Last week at CanPL.ca, Pacific FC defender Lukas MacNaughton donned his soothsayer’s hat to speculate about how games might look different when the Canadian Premier League returns.
The centre back, whose bread and butter is physicality, suggested that we might see players caught sleeping on the ball, not expecting the immediate challenge since that pressure has been absent in training. He’s not convinced we’ll see more goals (not if he has any say in the matter, at least).
So, what’s the perspective like at the other end of the pitch? FC Edmonton’s veteran striker Tomi Ameobi gave some thought to the matter this week. Will the eventual return of the CPL be a forward’s dream, with defensive systems all but absent? Or will experience prevail, and steady the ship sooner rather than later?
“I think initially it might take some getting used to,” Ameobi told CanPL.ca. “I guess timing of tackles, timing of runs, timing of first touch. But just from experience of playing the game, even when you’ve been out for a certain amount of time injured, I know it’s different, but when the game starts for myself anyway you tend to forget about everything and focus on the game.”
The 31-year-old is champing at the bit to get back to it, hoping desperately to find better scoring form after, by his own personal standards, a disappointing 2019 — four goals in 23 games for FCE. He’s pretty confident that the intensity will be sky-high from matchday one.
“Obviously what we’re going through at the minute has made things difficult for us, as players as well,” he admitted. “But I think once the games start going, it’ll just be back to business as usual.
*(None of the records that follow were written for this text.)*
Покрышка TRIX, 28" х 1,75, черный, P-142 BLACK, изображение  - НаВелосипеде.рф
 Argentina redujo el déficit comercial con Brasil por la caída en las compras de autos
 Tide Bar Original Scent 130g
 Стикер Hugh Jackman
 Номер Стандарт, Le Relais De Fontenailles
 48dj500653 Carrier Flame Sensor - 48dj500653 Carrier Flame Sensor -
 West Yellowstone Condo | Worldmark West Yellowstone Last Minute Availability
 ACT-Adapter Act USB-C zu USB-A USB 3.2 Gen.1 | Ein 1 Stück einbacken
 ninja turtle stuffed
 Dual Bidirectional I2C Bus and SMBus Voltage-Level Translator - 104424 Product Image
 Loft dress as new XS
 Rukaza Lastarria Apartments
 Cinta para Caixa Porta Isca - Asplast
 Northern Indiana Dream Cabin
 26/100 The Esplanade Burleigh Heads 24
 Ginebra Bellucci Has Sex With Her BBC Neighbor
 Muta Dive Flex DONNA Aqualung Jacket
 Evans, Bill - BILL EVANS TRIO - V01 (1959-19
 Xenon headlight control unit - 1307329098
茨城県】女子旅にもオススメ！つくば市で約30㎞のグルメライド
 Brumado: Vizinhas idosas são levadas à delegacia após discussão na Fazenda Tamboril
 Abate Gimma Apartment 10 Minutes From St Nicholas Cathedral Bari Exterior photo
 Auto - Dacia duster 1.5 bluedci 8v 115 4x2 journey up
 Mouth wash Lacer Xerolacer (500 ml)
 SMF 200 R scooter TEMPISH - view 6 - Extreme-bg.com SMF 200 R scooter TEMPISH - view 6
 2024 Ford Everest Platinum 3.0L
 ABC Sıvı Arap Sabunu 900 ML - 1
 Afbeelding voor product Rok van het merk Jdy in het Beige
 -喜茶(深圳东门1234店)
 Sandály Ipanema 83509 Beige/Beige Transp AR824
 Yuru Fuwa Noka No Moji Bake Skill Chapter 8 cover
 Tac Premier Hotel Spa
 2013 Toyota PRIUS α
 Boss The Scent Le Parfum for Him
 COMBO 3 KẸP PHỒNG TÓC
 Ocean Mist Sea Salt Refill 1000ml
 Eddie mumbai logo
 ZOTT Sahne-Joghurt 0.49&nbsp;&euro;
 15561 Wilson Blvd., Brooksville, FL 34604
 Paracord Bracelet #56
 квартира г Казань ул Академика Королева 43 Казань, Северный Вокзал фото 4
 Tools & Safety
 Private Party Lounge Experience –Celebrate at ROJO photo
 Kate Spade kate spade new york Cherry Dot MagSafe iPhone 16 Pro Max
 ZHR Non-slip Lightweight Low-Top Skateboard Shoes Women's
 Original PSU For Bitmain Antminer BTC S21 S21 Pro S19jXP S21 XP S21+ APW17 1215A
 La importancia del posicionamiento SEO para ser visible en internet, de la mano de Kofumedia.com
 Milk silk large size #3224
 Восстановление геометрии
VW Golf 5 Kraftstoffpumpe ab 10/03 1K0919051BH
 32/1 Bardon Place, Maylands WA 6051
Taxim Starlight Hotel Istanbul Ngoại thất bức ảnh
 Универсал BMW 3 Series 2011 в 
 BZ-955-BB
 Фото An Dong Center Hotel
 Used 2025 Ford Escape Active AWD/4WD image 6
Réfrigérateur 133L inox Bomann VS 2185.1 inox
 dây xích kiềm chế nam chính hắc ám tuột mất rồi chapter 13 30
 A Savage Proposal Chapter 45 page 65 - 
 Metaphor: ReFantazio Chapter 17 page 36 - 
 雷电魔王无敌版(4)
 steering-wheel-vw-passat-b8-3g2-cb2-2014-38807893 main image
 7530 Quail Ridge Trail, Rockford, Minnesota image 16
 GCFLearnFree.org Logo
You’ll see full-blooded challenges, you’ll see guys going full tilt.
“That’s why we love the game.”
It’s been quite a long hiatus, and Ameobi is willing to admit that it was difficult at times, especially not knowing whether or not his FC Edmonton side would have anything to work towards. The striker suggested that the time off affected him mentally more than it did physically.
Now that the Eddies have been training for over a month, and the group’s spirits have lifted a bit — it seems, more and more, that there could be light at the end of the tunnel with regard to kicking off the season — that love of the game has re-emerged in players like Ameobi, who’s set to play the 13th season of his pro career.
“In terms of keeping my body in good enough shape, that hasn’t been a problem. Where the problem has been for me, and I can’t really speak for any of the other guys, but it’s been more staying mentally engaged,” Ameobi explained.
“Obviously there’s been a lot of chatter here and everywhere over the last couple months with regard to a season going ahead, and there’s been days where it’s been easy for me to feel sorry for myself. Thankfully I’ve got a great support system around me, and during those times they’ve helped sort of pick me up, but getting back out on the field now, you don’t really tend to have those thoughts and those emotions as much.”
Returning to the topic of what quality of football we’re going to see once these long, socially-distanced pre-seasons culminate in competition, Ameobi concedes that tactics may not be particularly well-entrenched from day one of the season.
Again, though, Ameobi’s staunch position is that quality and experience will prevail.
“A tactical plan can’t be built overnight,” he said. We haven’t had as much time, and the pre-season games to work on those sort of things, so if and when we do get back to games, are you gonna see teams lining up differently? Potentially. Is it gonna impact on the quality of football that we saw last year? I don’t necessarily think so.”
He added: “I know tactics are important, but at the end of the day I really believe that there are some very promising players in this league with really good talent. That talent will shine through.”